Segment Start: MATERIAL FOR THIS EXERCISE
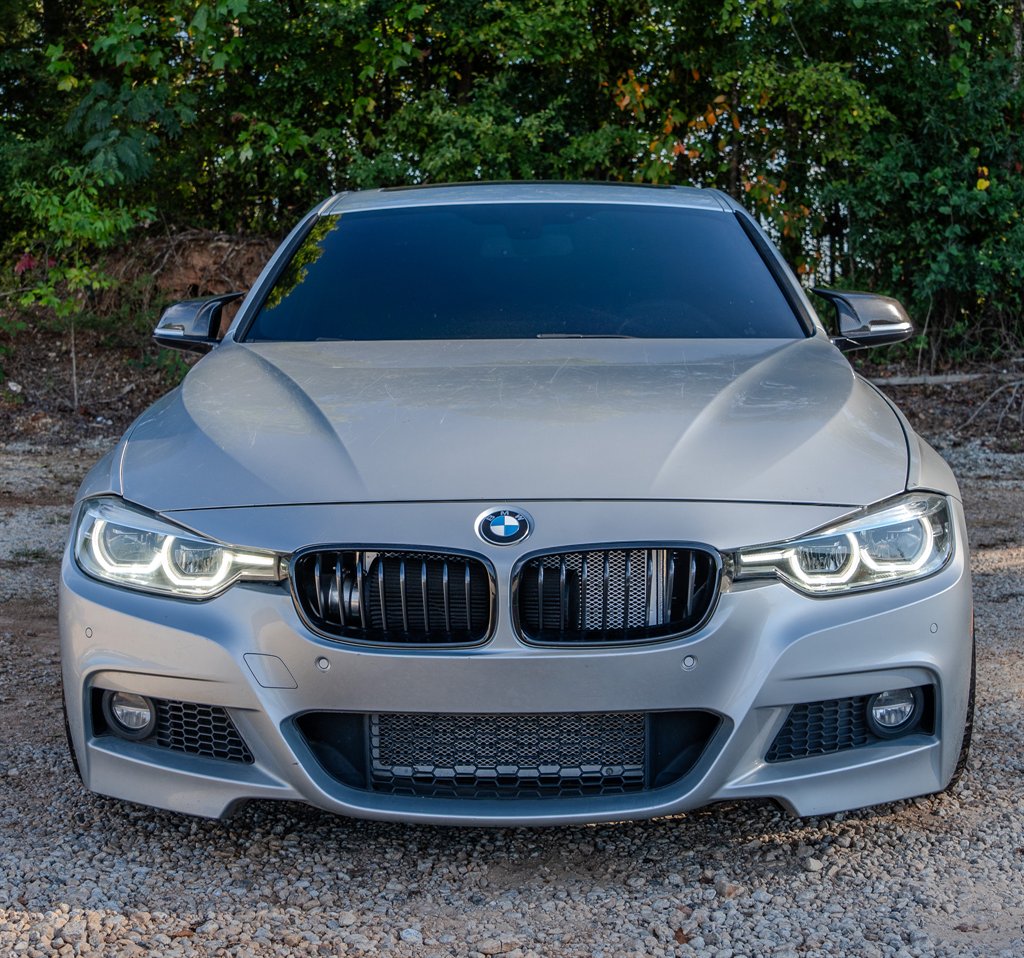 2018 BMW 340i - $34,750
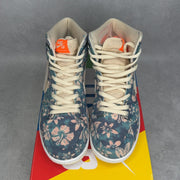 Nike SB Dunk High Hawaii - Image 3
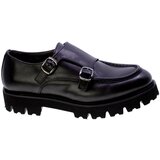 Fedeni Mokasini 144776 Črna | Shoptok.si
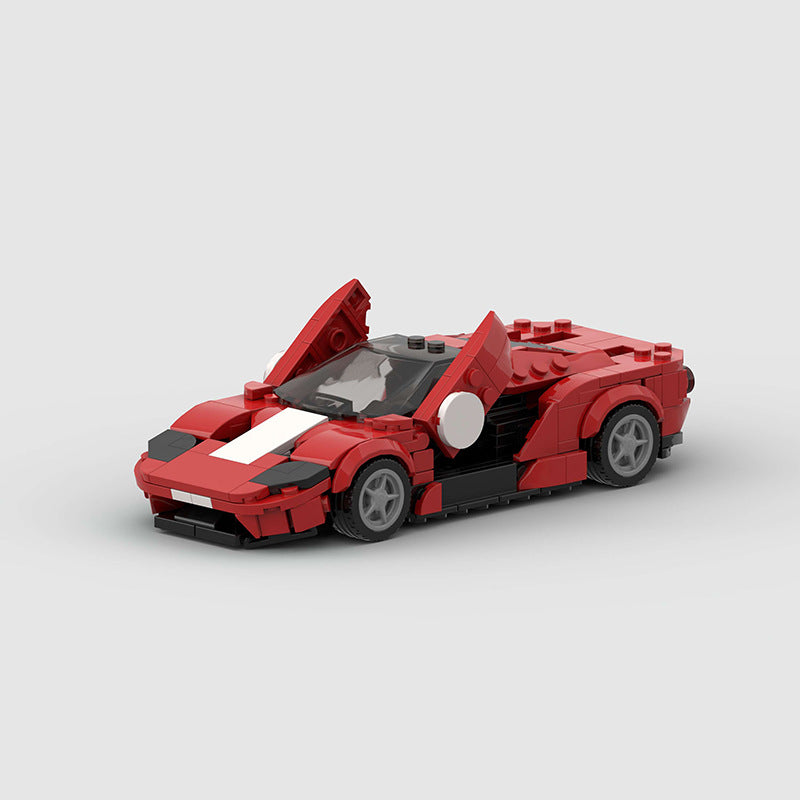 Ford GT67
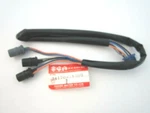 New Genuine Suzuki 85-86 Odometer Socket 34170-18A00. Fixed Price $11.40.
Segment End: MATERIAL FOR THIS EXERCISE
• **TASK GOAL**
The answer consists solely of the lines from the one holding "Fedeni Mokasini 144776 Črna | Shoptok.si" through the final line of the records, both ends included, each duplicated exactly. Leave images out.

• **RESPONSE AREA**
 Fedeni Mokasini 144776 Črna | Shoptok.si
 Ford GT67
 New Genuine Suzuki 85-86 Odometer Socket 34170-18A00. Fixed Price $11.40.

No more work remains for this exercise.